Nathan Goldbaum

I am a Senior Software Engineer at Quansight Labs, where I am currently working on community support for free-threaded Python. During the course of this project, I led the effort to support free-threaded Python in NumPy and helped add support for free-threaded Python to foundational community Python projects accross the ecosystem. I am also the author or editor of most of the documentation on the Python free-threading guide, which I hope will be a lasting community resource.

After shipping NumPy 2.1 with support for the free-threaded build, I moved onto PyO3 and led the effort to ship support for building thread-safe Rust extensions for use with the free-threaded build in PyO3 0.23. I have also been fixing bugs in NumPy reported by the community.

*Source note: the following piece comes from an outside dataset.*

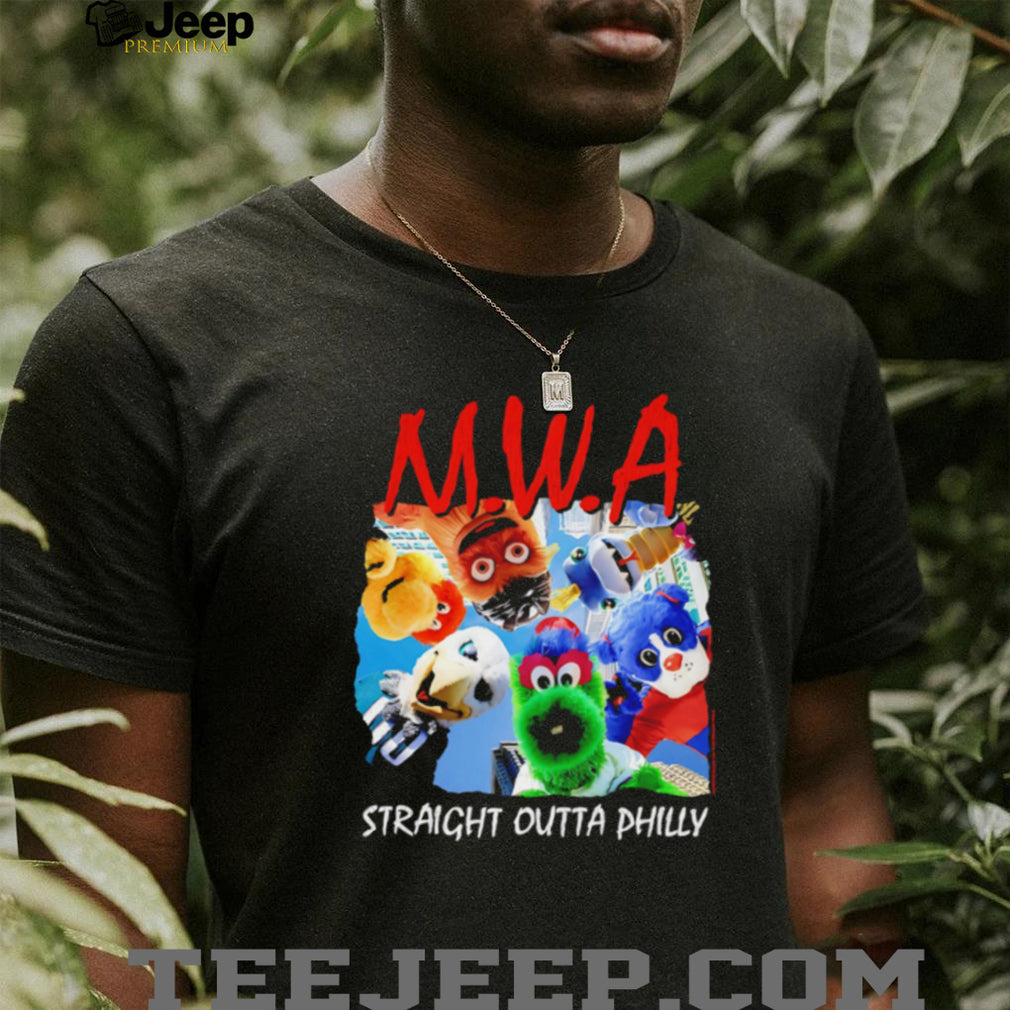 M.W.A. Straight Outta Philly Funny Mascot Parody Sports Fan T Shirt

As a foundational library it’s important that NumPy be usable on the free-threaded build and I am excited to already hear about preliminary use-cases that demonstrate the raw compute power unlocked by the free-threaded build.

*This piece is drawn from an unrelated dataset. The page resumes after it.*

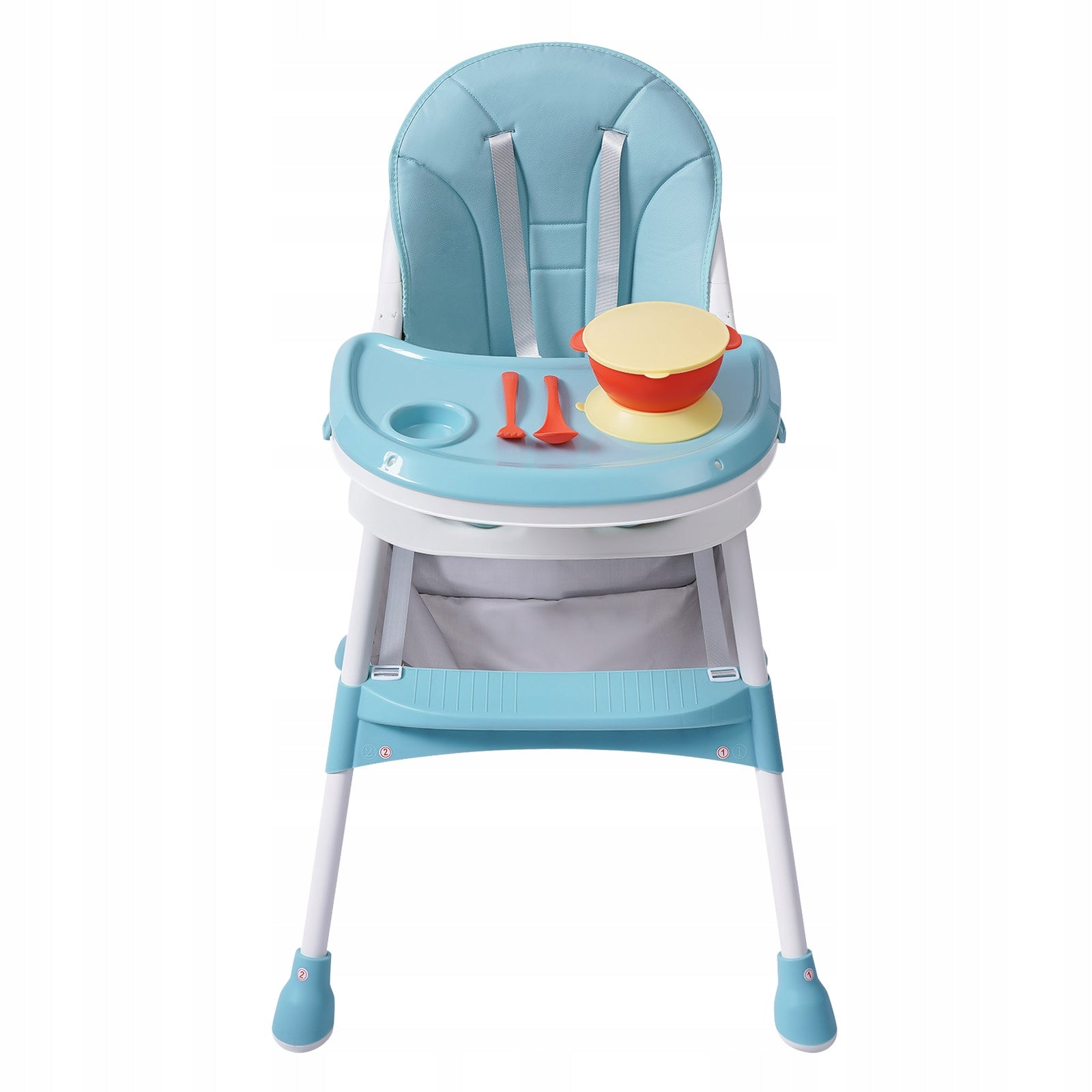 Baby High Chair,2-in-1 Green High Chair for Babies with Footrest 78*60*94cm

I will be giving a talk about my experience over the course of 2024 and 2025 with free-threaded Python at PyCon 2025. Stay tuned for more information about that!

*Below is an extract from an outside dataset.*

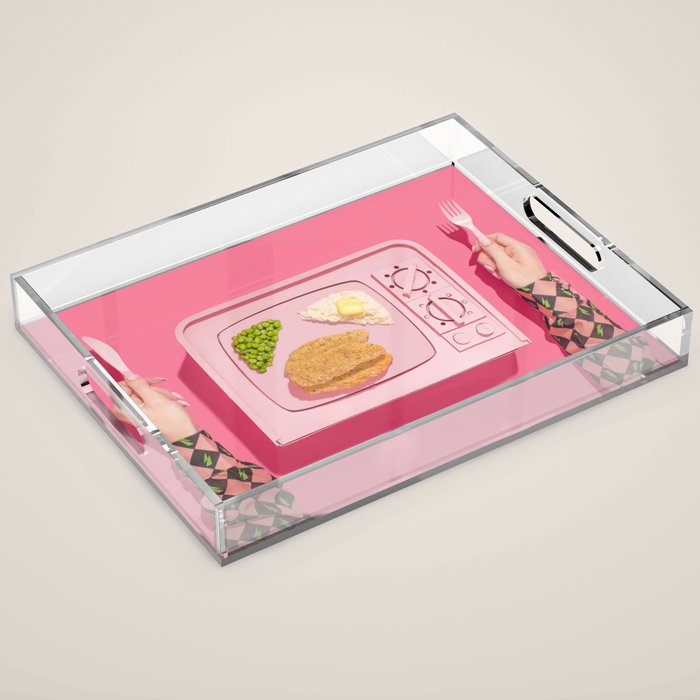 TV Dinner Acrylic Tray Gallery Image 1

Before working on free-threaded Python, I shipped support for UTF-8 variable-length string arrays in NumPy 2.0 and helped lead the wider community effort to ship the first major release of NumPy in more than a decade. I championed a UTF-8 string DType as the major new feature of NumPy 2.0 and authored NEP 55 to argue that the community should accept the new feature. This in-depth design process led to a number of radical improvements to the initial design. I described my experience going from very little low-level Python C API experience to becoming a NumPy maintainer in a talk at the Scipy 2024 conference. The talk was transcribed into a blog post on the Quansight blog.

I took time off from work on software From March 2020 to October 2022 to help support my family and to recover from burnout.

After a stint at the Recurse Center in 2019, I took at job at Quansight where I worked on PyTorch. At the time, the Quansight PyTorch team helped the Meta PyTorch team to identify and fix bugs reported by the community and to lead projects implementing features heavily requested by the community. I fixed a number of bugs in PyTorch and shipped the __torch_function__ mechanism for easily overriding and extending PyTorch in libraries that wrap PyTorch tensors.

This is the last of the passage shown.